The first reaction of many everyday people I know is to scoff at outrage such as appears in this case. Understandably, they are tired of controversy and wish the complainers would just give it a rest. Are we really to believe that Melgaard, the photographer and Zhukova (who apologized) are racists making a blatant racist statement? Can’t a photograph just be a photo and a weird chair a weird chair?

Or should we join with the critics in saying that it doesn’t matter what those involved intended (the death of the author in poststructuralism), their products speak for themselves and they speak the language of centuries of degradation, sexualization and commodification of black women. A photograph of a white woman perched glamorously atop a subjugated black woman exhibits, even if unintentionally, reprehensible symbolism.

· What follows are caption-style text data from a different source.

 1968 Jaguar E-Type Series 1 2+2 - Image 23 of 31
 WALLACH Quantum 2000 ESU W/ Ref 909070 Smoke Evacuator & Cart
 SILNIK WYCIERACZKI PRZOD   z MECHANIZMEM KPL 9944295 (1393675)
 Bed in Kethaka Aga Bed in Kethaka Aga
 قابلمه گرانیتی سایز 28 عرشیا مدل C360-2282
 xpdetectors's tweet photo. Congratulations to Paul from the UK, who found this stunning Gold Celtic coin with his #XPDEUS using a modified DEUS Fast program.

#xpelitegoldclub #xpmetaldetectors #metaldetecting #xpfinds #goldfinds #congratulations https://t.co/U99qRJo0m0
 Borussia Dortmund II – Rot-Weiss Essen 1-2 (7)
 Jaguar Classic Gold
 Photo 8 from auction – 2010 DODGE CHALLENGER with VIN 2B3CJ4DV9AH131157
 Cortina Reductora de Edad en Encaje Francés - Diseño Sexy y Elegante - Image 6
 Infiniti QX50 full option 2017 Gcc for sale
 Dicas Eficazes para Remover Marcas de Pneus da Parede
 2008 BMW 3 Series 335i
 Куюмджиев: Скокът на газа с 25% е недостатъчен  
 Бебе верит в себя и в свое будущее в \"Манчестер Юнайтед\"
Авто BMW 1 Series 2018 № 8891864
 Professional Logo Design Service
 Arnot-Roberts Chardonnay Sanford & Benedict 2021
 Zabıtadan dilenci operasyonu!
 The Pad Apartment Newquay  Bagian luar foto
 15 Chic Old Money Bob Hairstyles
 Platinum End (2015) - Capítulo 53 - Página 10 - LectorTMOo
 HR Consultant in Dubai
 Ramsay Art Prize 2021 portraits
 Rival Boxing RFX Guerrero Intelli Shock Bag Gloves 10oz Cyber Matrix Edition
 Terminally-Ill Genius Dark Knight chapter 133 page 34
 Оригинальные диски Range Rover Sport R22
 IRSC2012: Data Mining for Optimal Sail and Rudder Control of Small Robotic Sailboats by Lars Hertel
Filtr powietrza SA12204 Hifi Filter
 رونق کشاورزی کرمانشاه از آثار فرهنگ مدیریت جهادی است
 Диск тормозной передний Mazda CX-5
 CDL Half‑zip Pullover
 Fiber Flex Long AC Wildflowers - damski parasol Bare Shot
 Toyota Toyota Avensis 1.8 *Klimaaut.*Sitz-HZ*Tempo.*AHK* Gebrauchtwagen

The possible angles to take are kaleidoscopic: The chair is a shameless attempt to shock. Melgaard is just seeking attention. It’s just more modern-art nonsense. He’s talentless anyway. Who cares about these artists and socialites anyway? Why do we focus on race when Melgaard’s treatment of the whole female sex is suspect? And surely it is significant that the context of the chair is a similar work by Allen Jones, a British pop artist of the 1960s (article). Wouldn’t that mean that Chair is actually an insightful look at perceptions of race and gender, as Zhukova’s spokeman has claimed? Ah, but that doesn’t excuse the photo, does it?

And so on.

 

You may have your favorite angle among these, or a new one for the list, but I don’t see one that stands apart as the right one or even what source we may turn to in order to determine the right one. As far as I can tell, there is no bottom line to this issue, at least as a whole.

This is really just a restatement of what I wrote in another post about the 2013 Miley Cyrus VMAs performance. A work of art speaks, but not in crystal clear terms, so we must interpret it, and that is all we have: various interpretations. Some may be simple, some may be highfalutin, some may be better grounded or in better faith than others, but none can claim to have the last word.